For cleaning up accidents, you'll need to use an enzymatic cleaner (a cleaner that uses natural enzymes and bacteria to decompose the stain). Cat urine is full of fat, which is very sticky. This is why cat urine stains are so hard to remove. Enzymes break down fat molecules to allow for complete removal of the stain. The two enzymatic cleaners I recommend are Nature's Miracle, available at pet stores, and Greased Lightning Orange Blast, available at grocery stores. Unless you remove the stains completely, the cat will still be able to smell them, even if you can't. You may also want to use a florescent black light to detect unseen urine stains. Any urine stains will glow yellow-green.

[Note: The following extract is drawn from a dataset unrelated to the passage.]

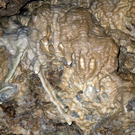 DSCN0467.JPG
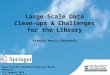 Large Scale Data Clean-ups & Challenges for the Library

The vomiting and overeating could be caused by a number of things, too. Cats suffering anxiety may overeat to comfort themselves, the same as people do. But overeating and vomitng can also be due to conditions like hyperthyroidism, Inflammatory Bowel Disease, and parasitic worm infestations.
If those are ruled out, your cat may have developed a food intolerance, which is usually treated by feeding an easy to digest, low allergen food. Most cat foods contain corn and/or beef, which are common allergens. Vets have prescription foods available for food-allergic cats.
If the food is not digested at all, then regurgitation may be the problem as opposed to true vomiting. Some regurgitation is caused by medical problems like a warped esophagus or weak muscles in the esophagus. Often, though, it's caused by eating too fast. If the gobbling isn't caused by some underlying medical condition, feeding the cat a sensitive stomach food, feeding the cat in an elevated position (the bowl several inches off the floor, so the cat's neck stretches upward), or putting a ping-pong bowl in the food, so she has to slow down and eat around it, may help.